On most 68k Macs, the ROM is
physically at something like 0x40800000. Sometimes on older machines it's even mapped to the entire range of 0x40000000 to 0x50000000. This usually leaves a ton of space starting at 0x0 for RAM. For example, the IIci seems to have everything in the physical address space from 0 to 0x3FFFFFFF (1 GB) reserved for RAM, although I suspect it's really only is capable of decoding 0 to 0x7FFFFFF (128 MB).
On the Color Classic, and I'm assuming also the LC II, the physical memory map is...weird. I think it's because of the way that some of the higher address lines don't get decoded by the Spice chip (or in the case of the LC II, the V8 chip). Since A30 doesn't get fed into the V8/Spice/Eagle, it's not even capable of differentiating between physical addresses 0x40000000 and 0x00000000, so the address map definitely had to change from how other systems like the IIci do it. The MDU in the IIci, in comparison, has access to all 32 address lines, so it doesn't have this silly limitation.
So instead, the CC's ROM is physically mapped from 0xA00000 to 0xDFFFFF, which leaves room for up to 4 MB of ROM. The CC only used 1 MB of ROM, but I think this means there is room for 3 more MB of ROM (can you say bootable 3 MB ROM disk?
) The MMU in 32-bit mode gets set up so that you effectively access it at 0x40A00000, but it's really getting turned into a physical address of 0xA00000 under the hood. BTW, I think this also explains why in 32-bit mode, these models have the ROM at virtual address 0x40A00000 instead of 0x40800000 like most others.

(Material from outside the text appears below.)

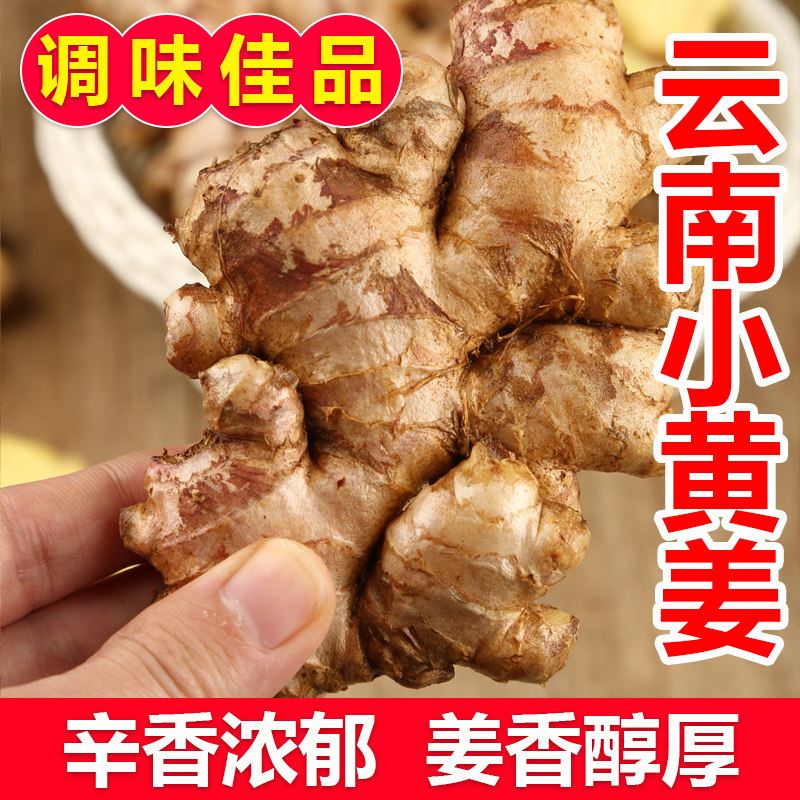 2024正宗云南小黄姜新鲜生姜现挖高山沙姜老嫩姜土姜蔬菜包邮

Taking this further, the physical address space reserved for RAM is 0x0 to 0x9FFFFF -- which is 10 MB in size. Exactly matching the limitation we all know well.
I guess my overall question is: doesn't this mean the 10 MB limit has to do with the way that the V8/Spice/Eagle/etc. chipsets decode addresses? It kind of explains, in my mind anyway, why SizeMemory is limiting itself to 10 MB total. If it were possible to have more than 10 MB, where would the additional memory be mapped physically? It can't go directly after the first 10 MB, because that's where the ROM is. Is the V8/Spice capable of mapping that extra 2 MB of RAM somewhere else in the physical address space?
It does make me wonder what the Presto 040 does to allow making full use of the 12 MB. Maybe there's a hardware aspect to it as well? Since the card has access to the full set of A0-A31 address lines on its 040 CPU, maybe it does some special address decoding of its own? Or is it just patching the ROM's MMU tables? I can't figure out in my head how it would work as long as the Spice/V8/etc. chip is still involved, unless those chipsets have some crazy way to remap the extra RAM somewhere else.
The LC III is completely different. The Sonora chipset it uses is more like normal Macs where it's fully decoding the address lines so the ROM is physically mapped at 0x40800000 and there's plenty of room below that for lots of RAM.
Is my understanding here completely off base? I would love to be proven wrong!